Se había despedido del preso que vivía en el piso de arriba, diciéndole:
-Estoy persuadido de que nos volveremos a ver. ¿Sabes?, cuando nos encontremos allá arriba, creo que te reconoceré por tu voz. Así que te digo simplemente: hasta la vista. Y, mientras tanto, si te encuentras algún día con mi hija, dile cuánto me arrepiento, cuánto la quiero...

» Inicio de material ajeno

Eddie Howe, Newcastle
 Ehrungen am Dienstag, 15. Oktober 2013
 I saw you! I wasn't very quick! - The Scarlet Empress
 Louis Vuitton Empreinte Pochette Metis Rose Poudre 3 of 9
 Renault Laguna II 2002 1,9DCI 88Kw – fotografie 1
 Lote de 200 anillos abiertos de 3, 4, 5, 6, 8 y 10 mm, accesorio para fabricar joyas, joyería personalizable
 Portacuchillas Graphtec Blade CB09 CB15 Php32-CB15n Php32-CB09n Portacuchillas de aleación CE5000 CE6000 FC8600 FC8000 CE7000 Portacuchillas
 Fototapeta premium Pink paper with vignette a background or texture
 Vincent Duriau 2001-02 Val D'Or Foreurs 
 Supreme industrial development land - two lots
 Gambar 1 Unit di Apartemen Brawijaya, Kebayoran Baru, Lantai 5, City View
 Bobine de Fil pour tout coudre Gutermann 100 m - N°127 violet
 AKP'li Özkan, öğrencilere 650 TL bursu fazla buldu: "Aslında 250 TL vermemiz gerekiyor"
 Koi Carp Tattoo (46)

Jacques Fesch no tenía veinticuatro años cuando, el 25 de febrero de 1954, después de separarse de su mujer e hija, cometió un atraco del que resultó muerto un policía. Una vez en la cárcel rechazó toda ayuda del capellán; era un ateo convencido -decía Jacques de sí mismo-, no valía la pena que se molestara. Luego vino la conversión, en la que tuvieron bastante que ver la fe y los argumentos de su abogado, que le llevaron, primero a "intentar creer" y, luego, con la gracia divina, a creer de verdad, "con certeza absoluta", según testimonio del propio protagonista.
La fe no le libró de la muerte, pero le dio ánimos. Ofreció ese trance especialmente por su familia y por su víctima: "No existe un Dios policía. El castigo que me espera no es una deuda que debo reembolsar, sino un don que Dios me hace".